Halido la retira, alla chercher un mortier et un pilon. Il jeta la viande cuite dans le mortier et pila, pila encore, chantonnant des airs de vengeance. Il en obtint vite, une poudre qu’il cueillit dans un mouchoir, noua l’étoffe et se dirigea à la sortie du village. Dans les rizières, il alla à son champ, défit le mouchoir, jeta à la volée la poudre qui alla, curieux compost, fertiliser ses terres. Sa vengeance assurée, il revint au village, oublia les commérages, savoura sa victoire et la nuit dormit en paix.
Le matin, il fit un tour au champ pour aiguiser son orgueil, rire du tour joué au petit silure. Scandale, le riz miraculeusement séchait comme pourléché par des flammes ardentes. Il garda son calme, coupa l’herbe sèche pour son cheptel.
Le phénomène lui sembla curieux. La seconde nuit, il dormit mal. Au réveil il se précipita à la rizière. Le désastre persistait et ravageait son champ. Il coupa encore la paille morte qu’il entreposa dans sa cour. Toute la journée, il se tourmenta. Son champ seul brûlait depuis qu’il y répandit la poudre maudite. Il ne s’avoua pas vaincu.
Il aiguisa son coupe-coupe, monta une nouvelle sagaie et alla, pour surveiller son champ, y passer la nuit. Avec son armada, il était certain de mettre en déroute une armée de baleines, d’hippopotames. Les silures, il en exterminera la race. Tard, très tard, un fumet de cuir l’alarma. Il se leva, retroussa les manches, empoigna son coupe-coupe, saisit sa sagaie.
_ Je vous tiens, minables jaloux, bande de saboteurs.
De son pas de géant, il avança, tendit l’oreille. Un feu invisible, sans chaleur, ni fumée brûlait, ravageait son riz. Il se jeta par ci, par là, fouetta, coupa, harponna l’air, le sol, courut, sauta, injuria, maudit. Le crépitement persistait, la paille séchait. Quand essoufflé, il s’arrêta pour s’éponger la face, rien, sa moustache n’y était plus. Il se prit la tête, le cuir se trouvait à nu, point de chevelure.
_ M’a-t-on rasé ? mes cheveux ont-ils brûlé ?
Avant le petit matin, le champ tout entier avait jauni. Au lever du soleil la sécheresse se propagea, calcina les rizières, évolua, brûla la broussaille, s’étala sur des contrées lointaines.
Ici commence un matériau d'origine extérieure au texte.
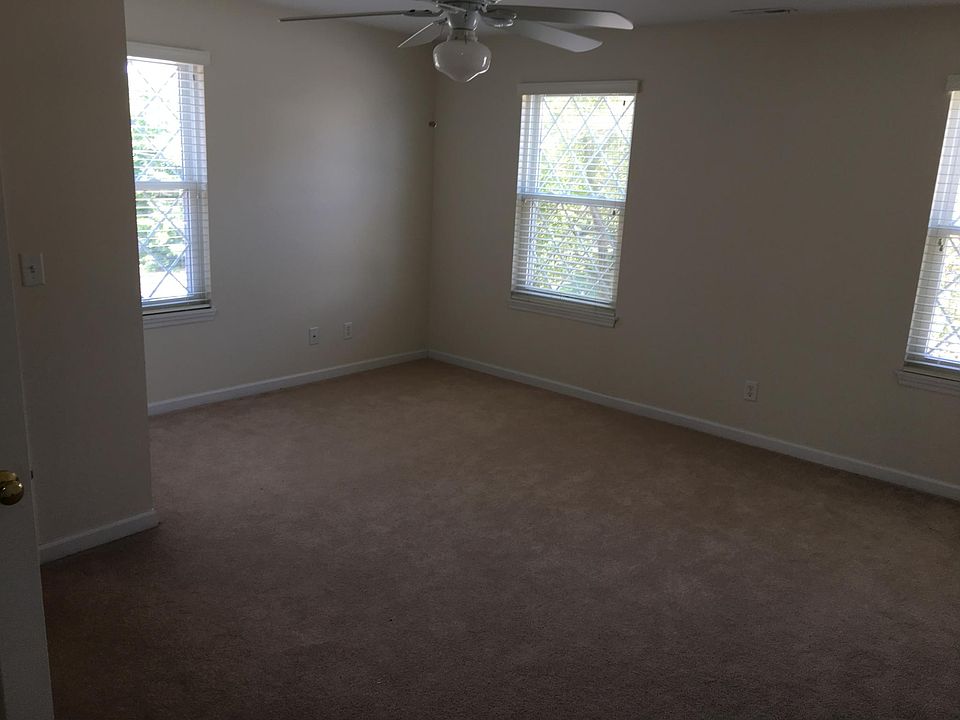 Bedroom both have ceiling fans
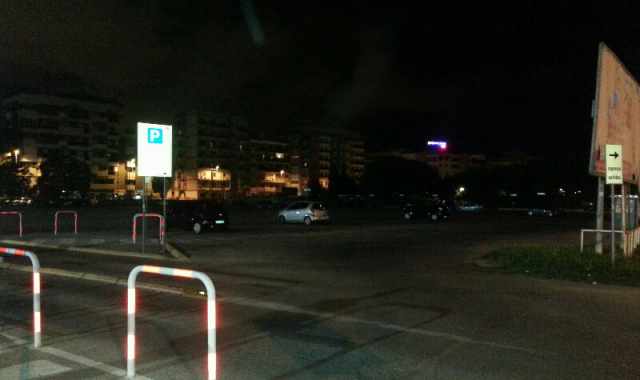 Park&ride, nuovi posti per coppiette: �Sicuri e fa nulla se c'� chi guarda�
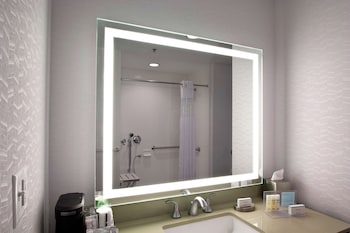 hampton inn and suites columbus university area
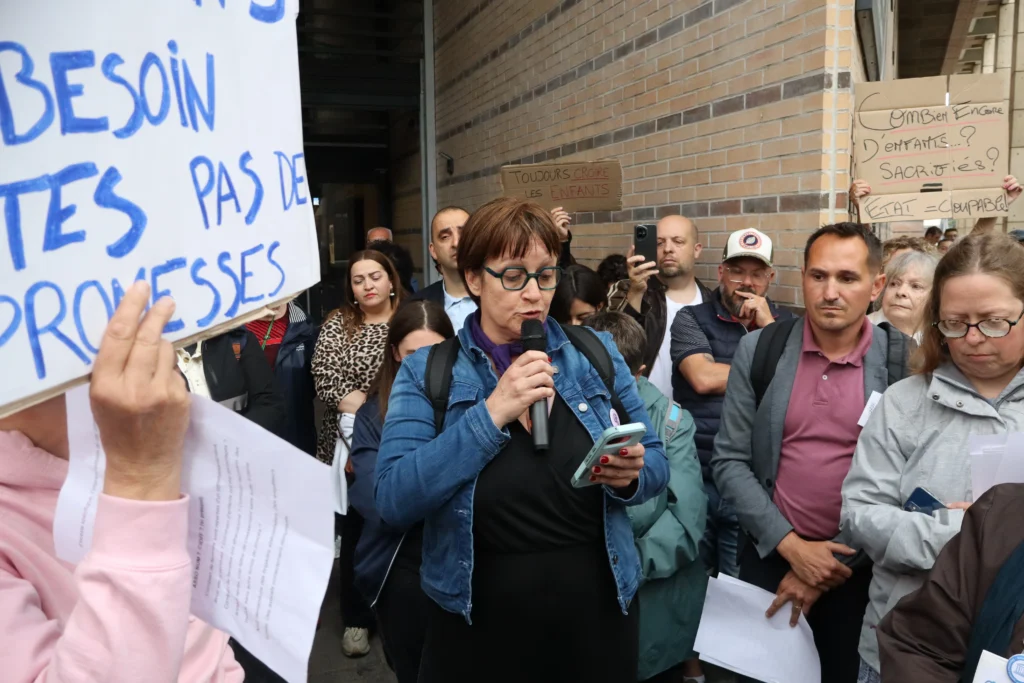En images : à Dijon, 300 personnes rassemblées en hommage à Lyhanna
Le ciel en août, se vida de sa pluie. Les cultures périrent. Le fleuve se retira. Le poisson se raréfia. On épuisa les vivres. Les animaux mourraient et emplissaient la brousse de leurs carcasses chimériques. La disette se proclama et obligea les populations dont, Halido méconnaissable à l’exil.
On mangea du haricot, du sorgho, du fonio, du manioc sauvage, des chenilles, des criquets, des feuilles rares, des fruits amers. On creusa des fourmilières, fouilla la terre, vola aux insectes des miettes de céréales. Le peuple pleura et maudit le frère dont le zèle et la gourmandise, précipitèrent le pays dans le KO.
Un totem est toujours un totem, reconnaissez le vôtre et méfiez-vous en.